舞人くんの成長が物語を展開させてはいないのよ。舞人くんの目標が天魔の会得ではない(最強 = 最強奥義じゃない)ってのもポイント…。あー! 構成の話だけだとそういうの全然話せないんだなぁ!
この物語の展開をひっぱってるのって、実は、K計画編で沸いて出てきたタクマさんなんだけど。タクマがラストバトルへ至る道筋をつくっていく材料が、先の“天魔”、“双子の確執”、“地雷・タクマの決裂”、“舞人C4がライバル” という4つなのですよーー!!
● 地雷とタクマの決裂
> ……実は地雷が誰だったのか覚えていない← C4がライバルならタクマさんはラスボスですね
地雷くん(涙) わたしが約20年間好きなキャラだったー! という気持ちを覚えていたキャラです。…地雷くんの補足が必要ですね;
> お願いします
地雷くんは、正道会館で特に強い門下生である四天王の一人。K計画で舞人くんと親交を深めます。しかし、彼の正体はビーストの一味で、やはり素性を隠して四天王として潜っていたタクマとは旧知の仲でした。

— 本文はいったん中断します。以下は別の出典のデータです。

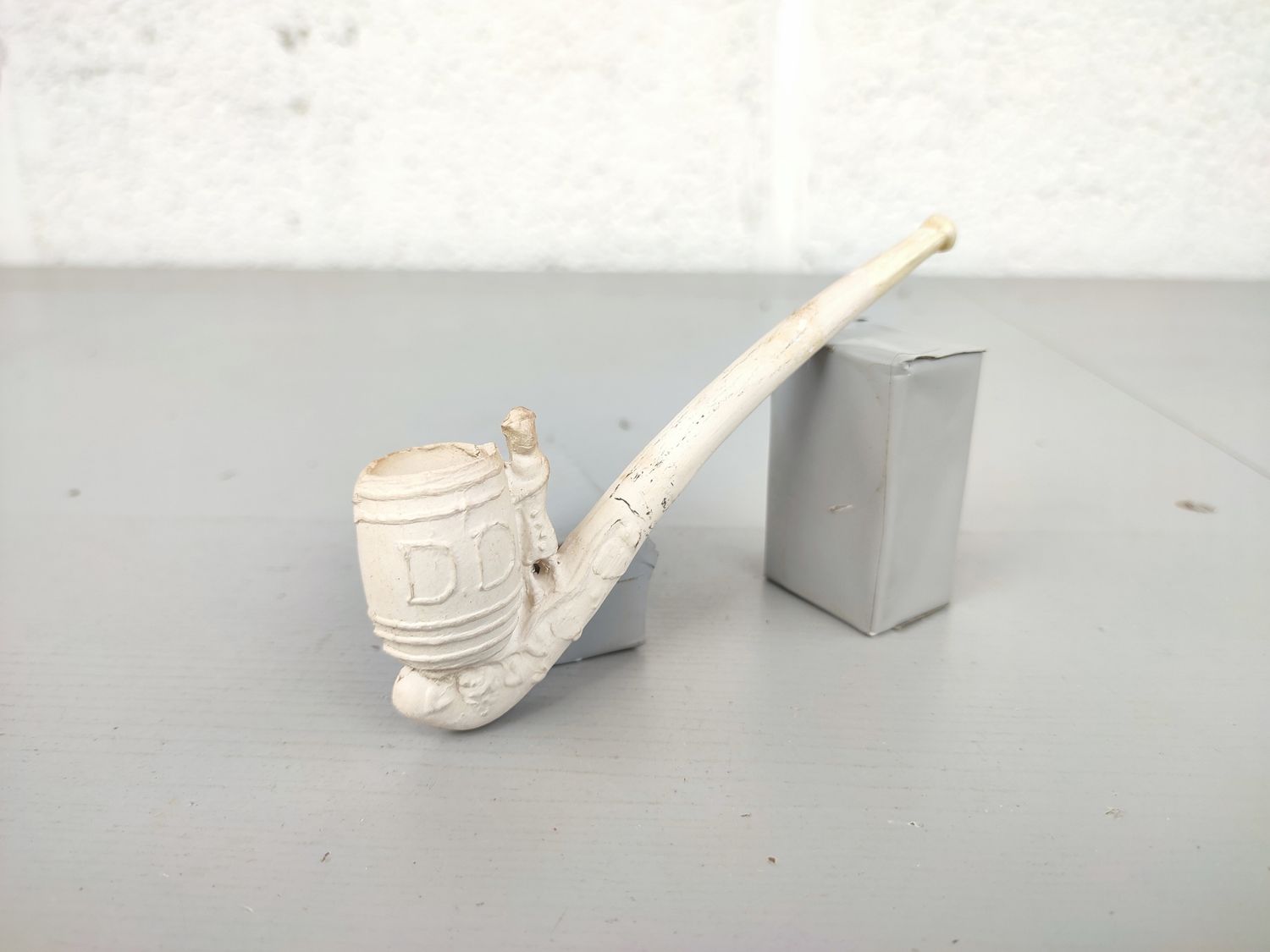 Old clay pipe with wine barrel venter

強くなりたくて、自分が昔通ってたジムをひとりで壊滅させたタクマに感銘を受け、自らビースト入りを志願しました。ビーストにいれば強くなれるという思い込みの強さは、タクマがビーストを教えてくれた時に広げて見せてくれた「BEAST」というロゴの入ったマントをねだって、ゆずり受け、身につけている姿に象徴されます。

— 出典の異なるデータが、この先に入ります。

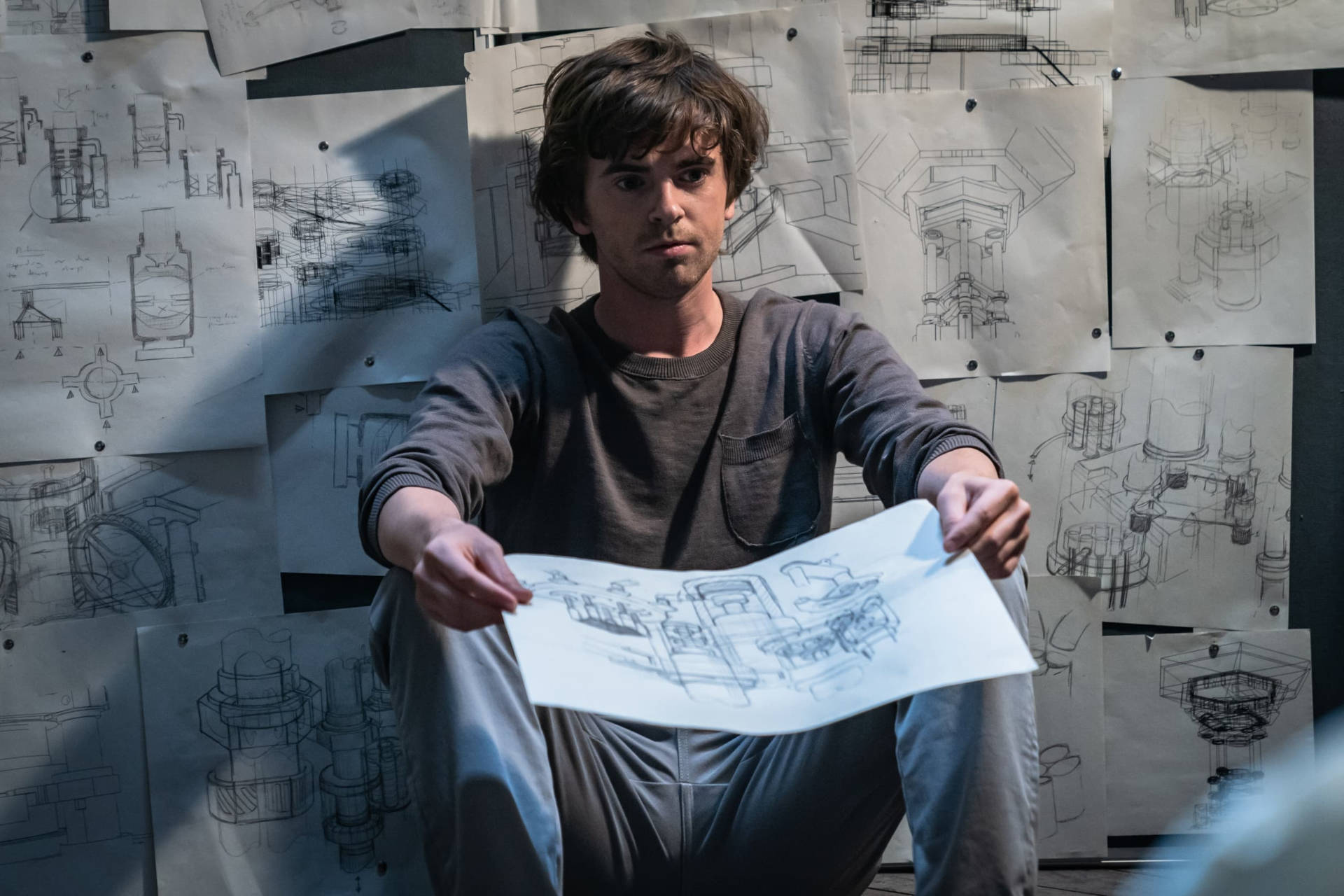 Freddie Highmore With Drawings Background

> 板挟みじゃない?? マイトくんとタクマさんとどっちにつくんだよー!
ふふふふふ……。それが、『地雷とタクマの決裂の一件』なのよ! 地雷くんは、舞人くんと強さを競い合いたい! 「遊びたい!」と言って、ビーストの破壊工作により沈みかけている船からの脱出を拒みました。

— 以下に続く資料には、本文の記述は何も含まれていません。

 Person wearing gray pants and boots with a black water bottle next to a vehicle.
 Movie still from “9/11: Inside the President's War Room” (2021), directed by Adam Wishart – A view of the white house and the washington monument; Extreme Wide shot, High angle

なので、タクマは「おまえに、このマントはふさわしくない!」と、地雷くんからマントをぶんどって床に捨て、ひとりで脱出してしまいました、とさ。
> 年齢的には小学生相当だと思うんだけど修羅過ぎない?? 船が沈むって、わりと古今東西問わずにヤバい級修羅場ですよね。
小学生なのか、中二なのかわかんないけど。若さゆえの奔放さとでも思っておこう…。あとそれ以上に修羅場なところがあるんだな。
> どきどき
地雷くんにとってマントはビーストの強さ(けものの心)を身につけている、という象徴なのね。それをぶんどられたもんだから、《タクマさん、おれが″けものの心”を失ったっていうのかよ?》と、地雷くん、じぶんはまだやれるぞ! 強いぞ! て逆に気合入るんですね。
しかし、例のマント。タクマの私物だったものを、ねだられて、あげた、という経緯があるわけですね。果たして、タクマは、地雷くんがビーストにふさわしくないと見限ったのか、舞人くんを選んだのが癪に触ってやきもち焼いたのか。真相はいかに……?
> タクマの人間臭さ具合が気になるところです。謎というか介錯の余地というか、そういうのを残すのも作劇上の重要テクニックだと思います。実際どうなのよ! 気になっちゃうじゃない!
そういう謎を読ませる仕掛けが後に続いていくのですよ。次は、“双子の確執”の話をしましょう。
● C4とニトロ・双子の確執
練習試合中にC4の一撃で怪我を負い、選手生命を絶たれたニトロくんを、タクマは利用します。ニトロはC4を憎悪して向かっていく、C4はニトロへの負い目で殴れない…ていう陰惨な試合をタクマは仕向けている。悪い奴だ! タクマ!
タクマは関係性を利用することを平気でやる人、と印象づける“双子の確執”からの双子対決ですが、結局、双子は仲直りする。タクマの計画では、C4の体力が十分に消耗したらニトロを撤退(負けるように仕向ける)させて、自分が決勝でC4と当たって勝とうという算段だった。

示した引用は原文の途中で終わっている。